-Bazen kendimizle çok uzun konuşuyoruz. Bazılarının bu tarafı iyi, bunu uzunca yapıyor; bazı kimseler de bundan uzaklaşıyor. Yani kendisiyle konuşmaktan haz etmeyenler var. Siz hangi gruptayım dersiniz?
Bazen yıllarınız geçiyor kendinizle yüzleşmekten çok uzak düşmüş olabiliyorsunuz. Bazı şeyleri kendinizle bile konuşmaya cesaretiniz yok. O iç alanımız Cenâb-ı Hakk’ın çok özel bize tahsis ettiği bir alan; oraya kimse giremez. Orası geniş bir alan ve başkasının manyetik etkisine sahip değil. Kişinin içerideki o özgürlüğü hep bâki kalacak. Buraya dair bir yolculuktan bahsediyoruz…
-Eğer bir kimse kendisini fazla ıskalarsa, ömrü boyunca kendisiyle tanışıp yüzleşmekten imtina ederse bu kimse kendisini unutmaya yüz tutmuş kimse demektir. Artık zamanla kendisini unutuyor. Bu kimsenin kendisiyle başbaşa kalması da vahşet gibi bir şey. Şarkı sözündeki gibi; “Dostlar eve gidince, hava kararınca bu geceler işkence”. Dış dünyayla etkileşim içinize doğru sizi koruyor. İçerisi ile yüzleşmekten kurtuluyorsunuz ve nefes alıyorsunuz adeta. Ama millet gidince kendinizle başbaşa kalıyorsunuz ve işkence hissediyorsanız öyleyse Allah’ın (cc) size bahşettiği fıtrat ile barışık değilsiniz, demektir. Dürüstlüğü oturtamamışsınız demektir. Dolayısıyla kişi kendisiyle yakalanmaktan kurtarabilmek için, dışarıda sürekli her gün eğlence, parti, gezme, dolaşma arar. Onlara göre “Bu sıkıntı verici sondan uzaklaş” parolan bu olacak. Kendini oyalamalısın, bir şeylerle meşgul olmalısın. Vaktini acı çekmeden geçirmişsen, kendinle yüzleşmemişsen ne güzel. “İyi vakit öldürdük.” Bu artık bir parolaya dönüşüyor. Kişinin kendisiyle olan muamelesi aslında o kişinin kalitesi.

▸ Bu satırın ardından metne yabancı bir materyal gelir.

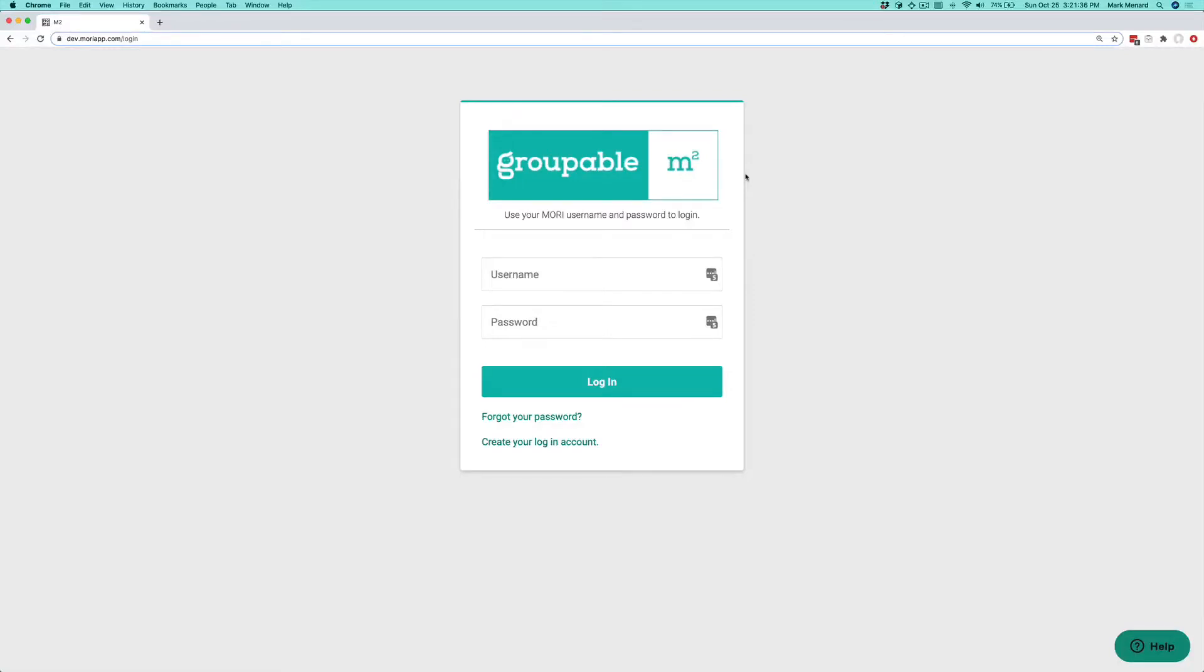Hi, this is Mark from Groupable and today we're going to go through how you close out your budget year and start a new accounting period. It's really fast. It's actually quite easy.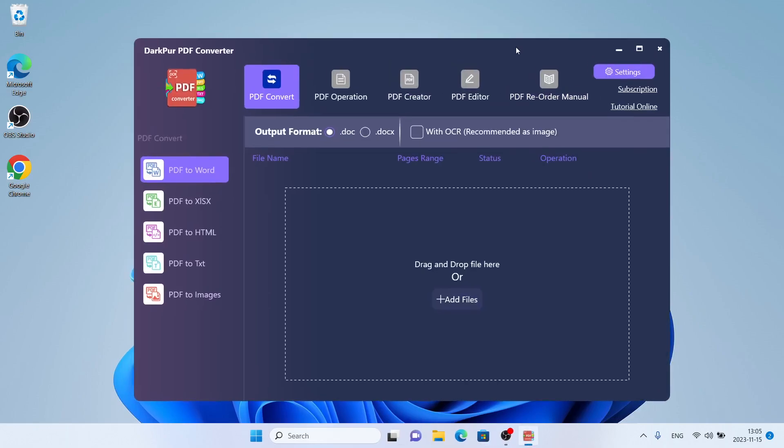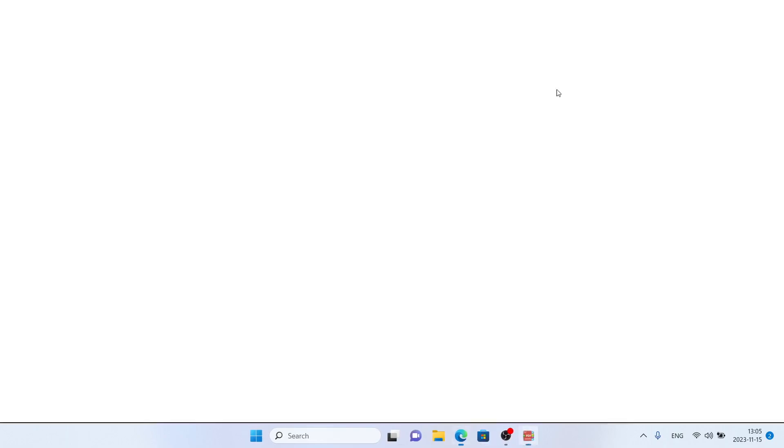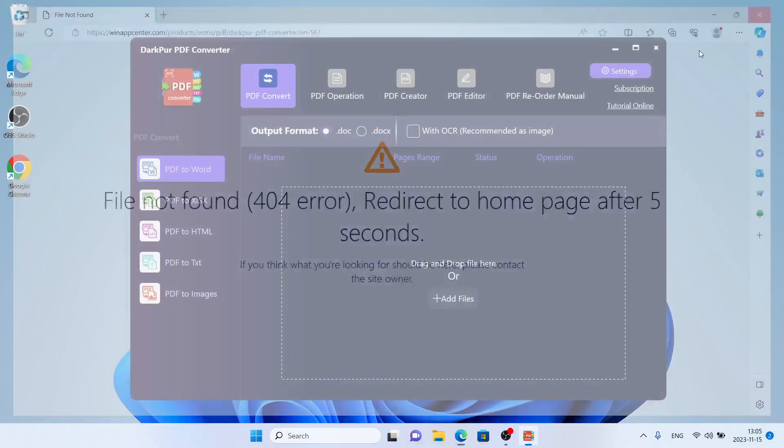So this is how to download and install Darkpour PDF Converter for Windows. Thanks for watching.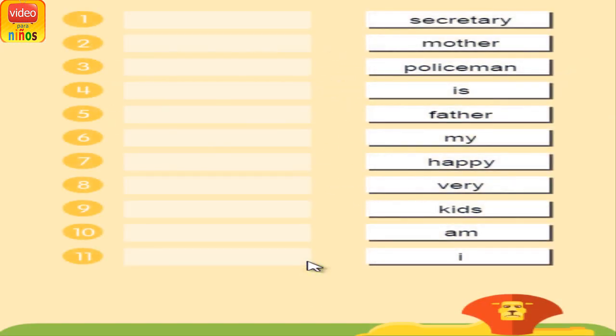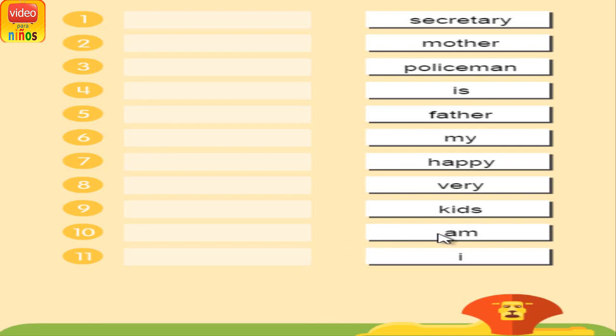Arrange the words in alphabetical order from top to bottom. Drag a word from the right-hand column and place it into the appropriate slot on the left-hand side.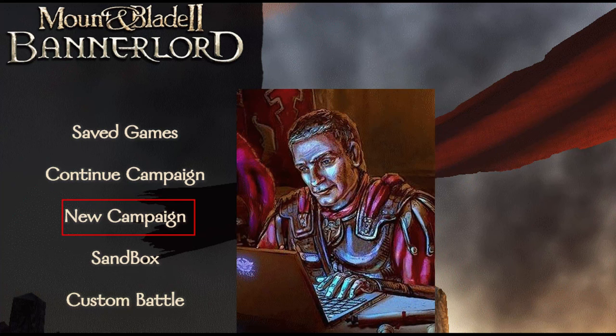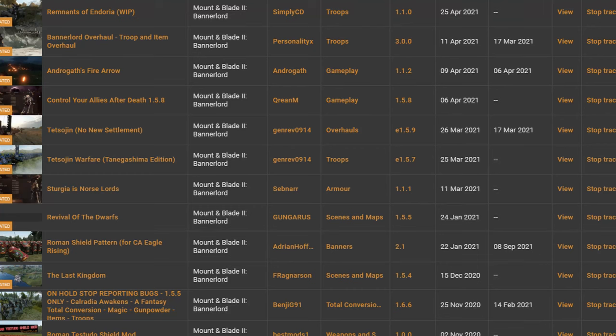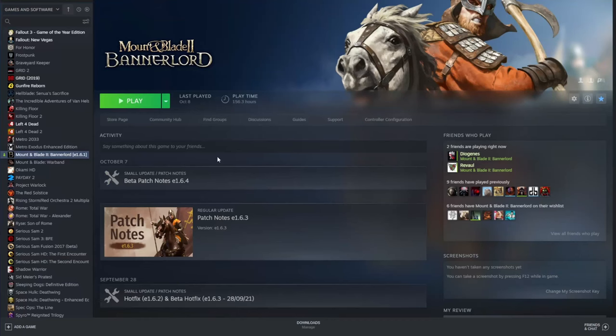If you're fed up with having to start a new campaign every few patches, the mod you're playing breaks after a patch, or the mod you want to play is only compatible with an older version of the game, this is a tutorial on how to revert back to an older version of Bannerlord or lock it so it does not update to a newer version.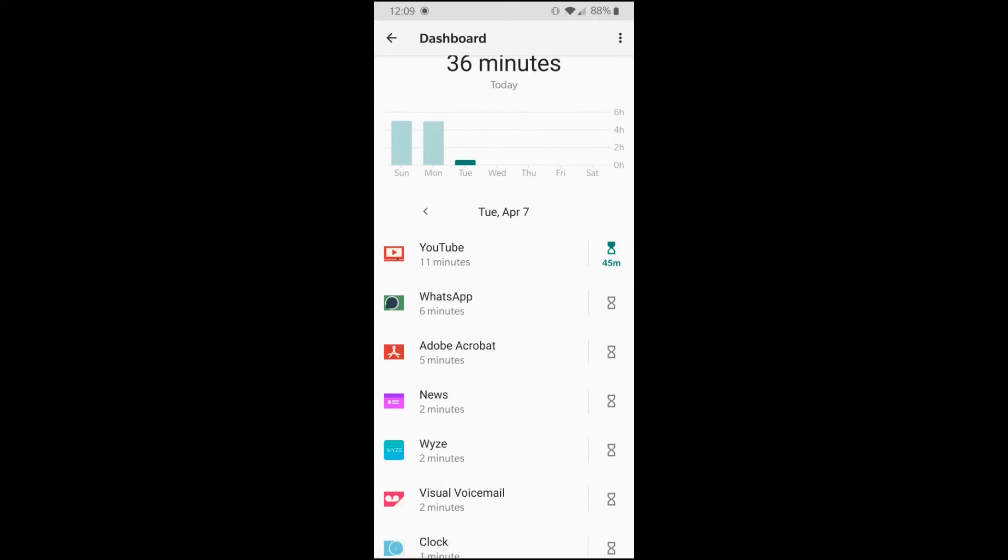If you continue to do it and make habit, then hopefully this time will get reduced and we will only use these apps for legit purposes and valid purposes.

-Fıtratı yaratan ona ölçeğini vermiş. Çünkü eğer fıtratımızda da ölçek yoksa yanlışı doğruyu biz nasıl bileceğiz? Bilemeyiz ki güvenli bir kulpa tutunmamız lazım ki ayağımızı yere sağlam basabilelim.
İçimize dışımızdan daha çok güveniyoruz çünkü içimizi bize dışarıdakiler vermediler. İçimizi bizi kim yarattıysa O verdi bundan adımız gibi eminiz.